For this exercise, return only the lines in the records below from the one holding "ART SHOW GREAT" through the one holding "Toyota C-HR 1.8", including both, exactly as they appear and without pictures.

* Material shown
━━━━━━
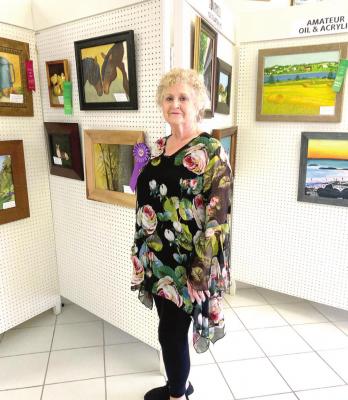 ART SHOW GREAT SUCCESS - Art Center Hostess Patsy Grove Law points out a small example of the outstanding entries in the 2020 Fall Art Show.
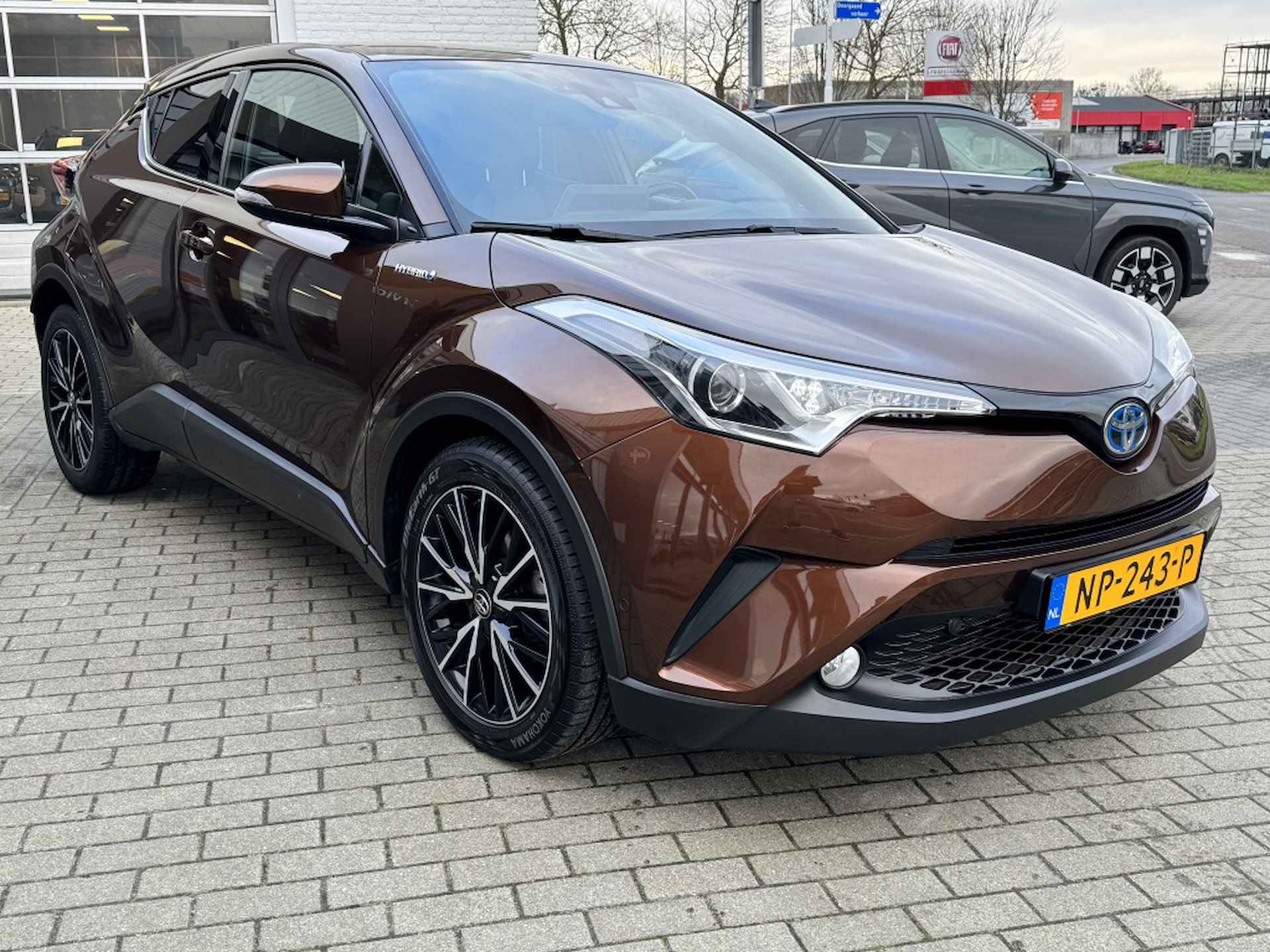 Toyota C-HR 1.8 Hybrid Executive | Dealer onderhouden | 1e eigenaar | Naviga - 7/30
━━━━━━
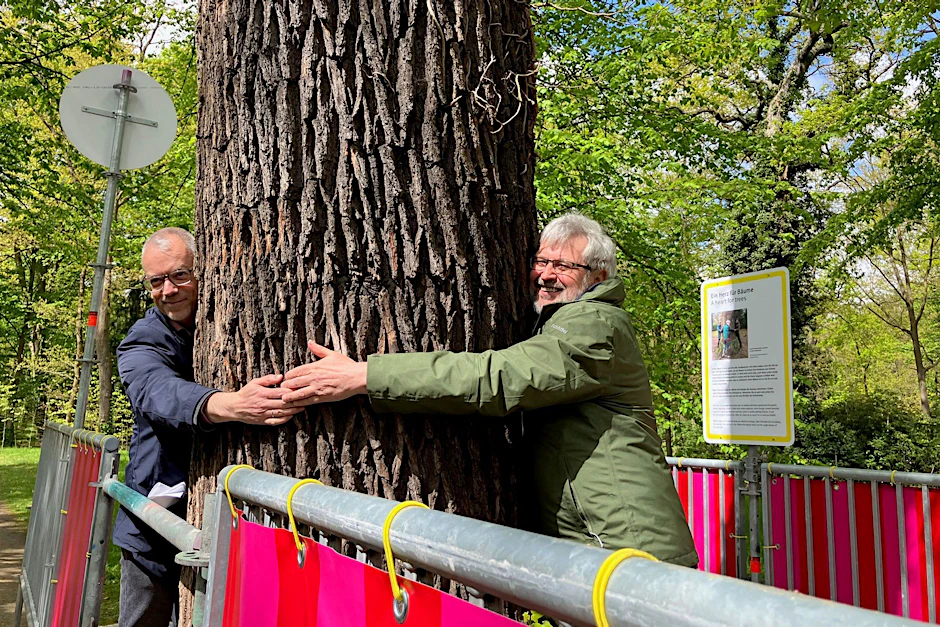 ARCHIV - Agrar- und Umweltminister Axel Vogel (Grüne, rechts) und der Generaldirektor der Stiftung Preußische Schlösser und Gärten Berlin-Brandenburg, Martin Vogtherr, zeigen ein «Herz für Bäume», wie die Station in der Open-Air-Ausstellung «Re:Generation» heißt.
━━━━━━
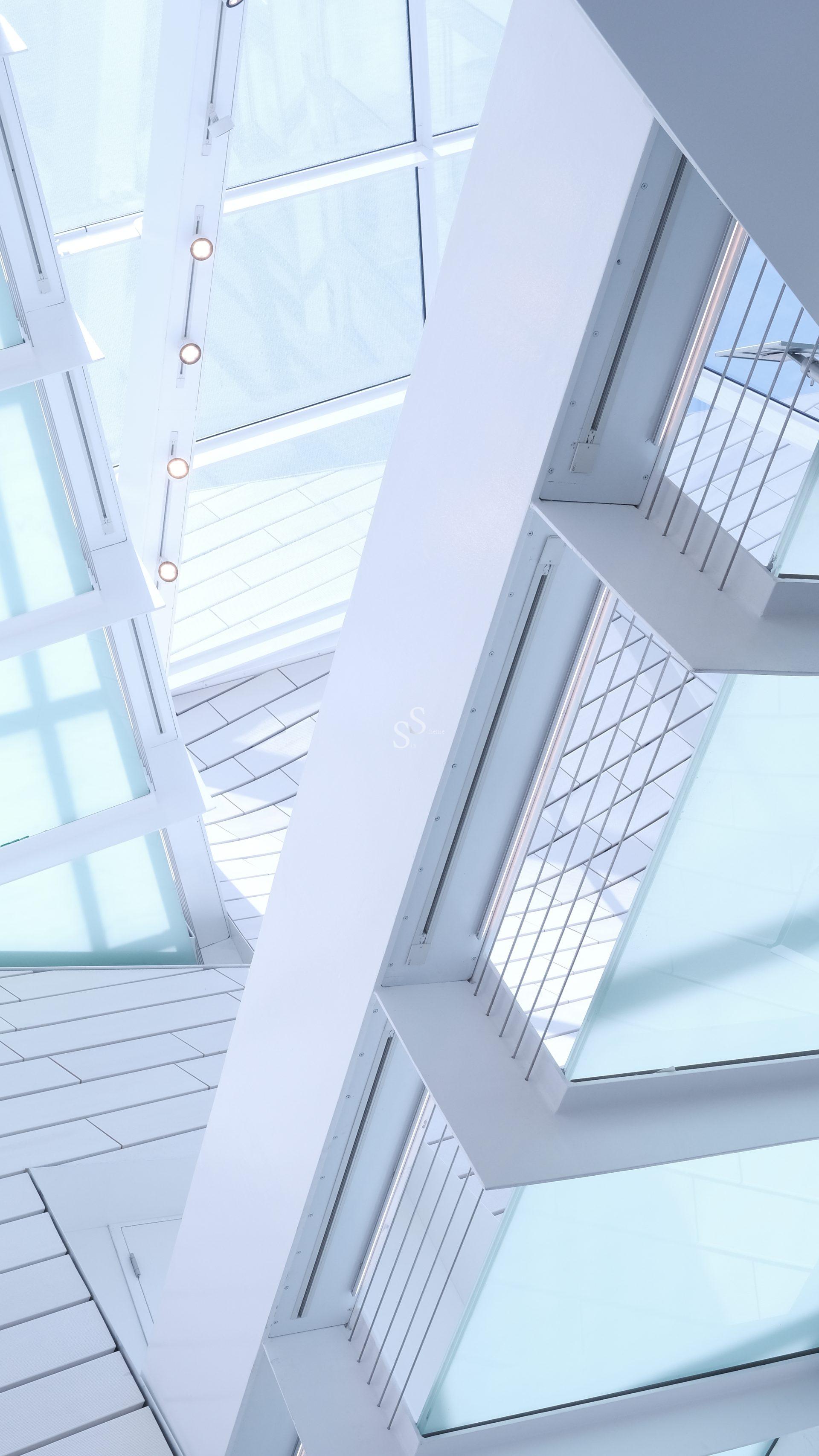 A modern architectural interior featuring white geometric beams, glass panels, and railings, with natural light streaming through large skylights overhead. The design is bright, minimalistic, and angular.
━━━━━━
* Problem solution
 ART SHOW GREAT SUCCESS - Art Center Hostess Patsy Grove Law points out a small example of the outstanding entries in the 2020 Fall Art Show.
 Toyota C-HR 1.8 Hybrid Executive | Dealer onderhouden | 1e eigenaar | Naviga - 7/30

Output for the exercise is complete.